Friday, April 4, 2008

Odds and Sods

I've been having so much trouble figuring out what to blog. Everything I think of just isn't enough for an entire blog. It's just 'odds and sods'. So I've put them together for your enjoyment.
  1. Friends of our have just moved from Dangriga to Sarrawee village. We were dropping them off after church on Sunday when someone asked what Sarrawee meant. This was the explanation. 'Well, we live in the bush. So we feel bad for ourselves. The Creole for that is Sarrawee.' Translation: 'we feel sorry for we' = Sorry We = Sarrawee
  2. One day we were driving down the Hummingbird Highway when we saw the truck in front of us had an unusual licence plate. It was hand written in black marker on a white board. I pointed it out as a bizarre thing and Alfred said: 'There were probably no plates left when they registered the car.
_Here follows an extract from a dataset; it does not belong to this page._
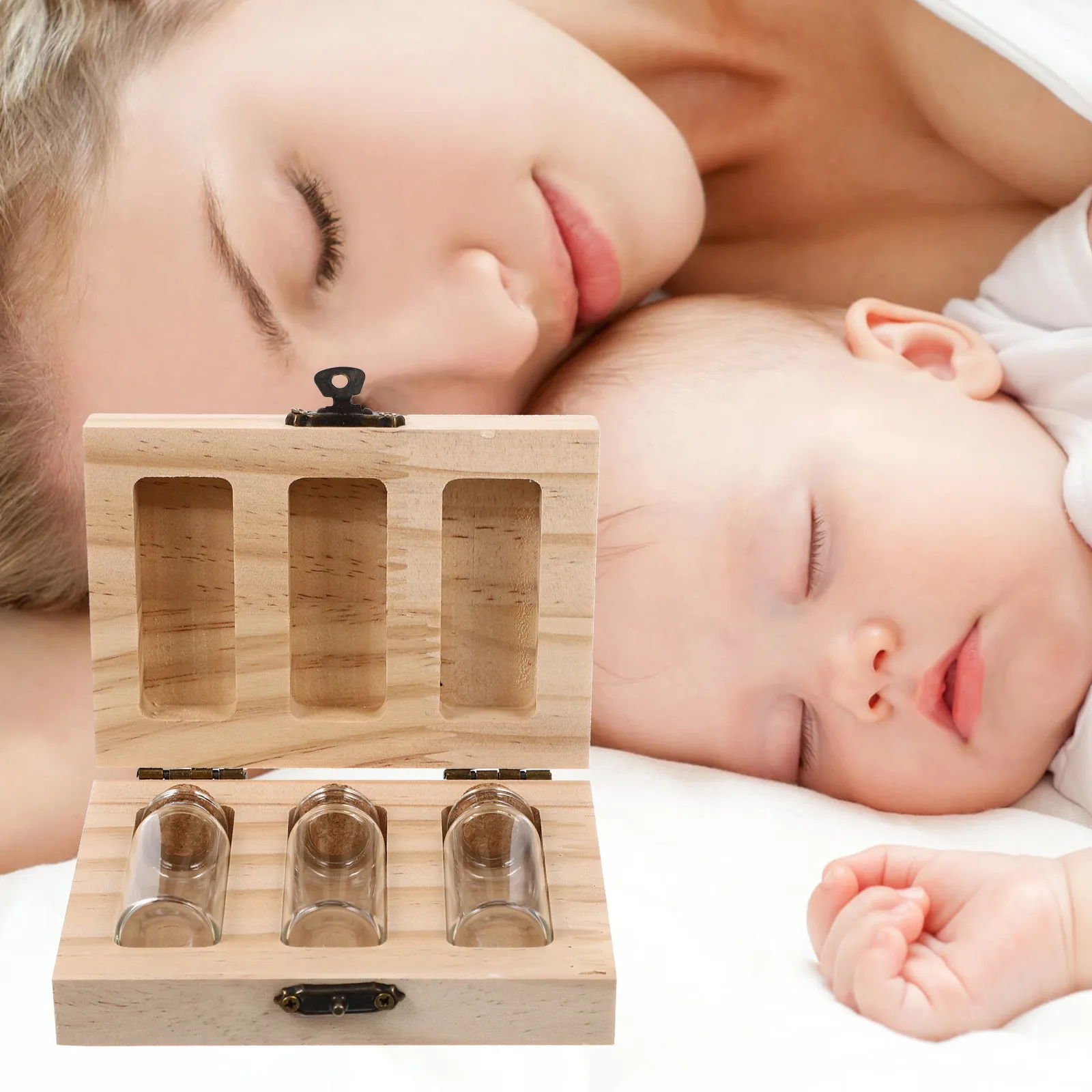 Fetal Hair Collection Box Umbilical Cord Storage Bottle Wooden Keepsake Box for Baby Teeth Hair Messages Wall Hanging Decorative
If that happens, they just hand write one until the new plates come in.'
  3. Recently, a spare tire was stolen off of one of our company's trailers. The workers called the police and the police traced it to a man who was in Pacencia. They then came and asked Alfred if he would like them to go to Placencia and get the guy or wait until he came home. The only problem was that they had no gas so if he wanted them to go to Placencia, he would need to give them gas money. Alfred decided to wait until he came back - the gas would cost more than a new spare for the trailer. That's policing in Belize. If you want it done you need to decide how much it is worth to you and then put your money where your mouth is.
  4. Belizean women have close relationships. I'm a little jealous of that. They spend hours braiding each other's hair while they visit on the porch. It's not unusual to see two teenage girls or adult women walking down the road hand in hand or with their arms around one another. Even Mom's with teenage girls will hold their hands when they walk together. It's a closeness that I've never seen before. I like it.

So those are the odds and sods for today. Hope you enjoyed them.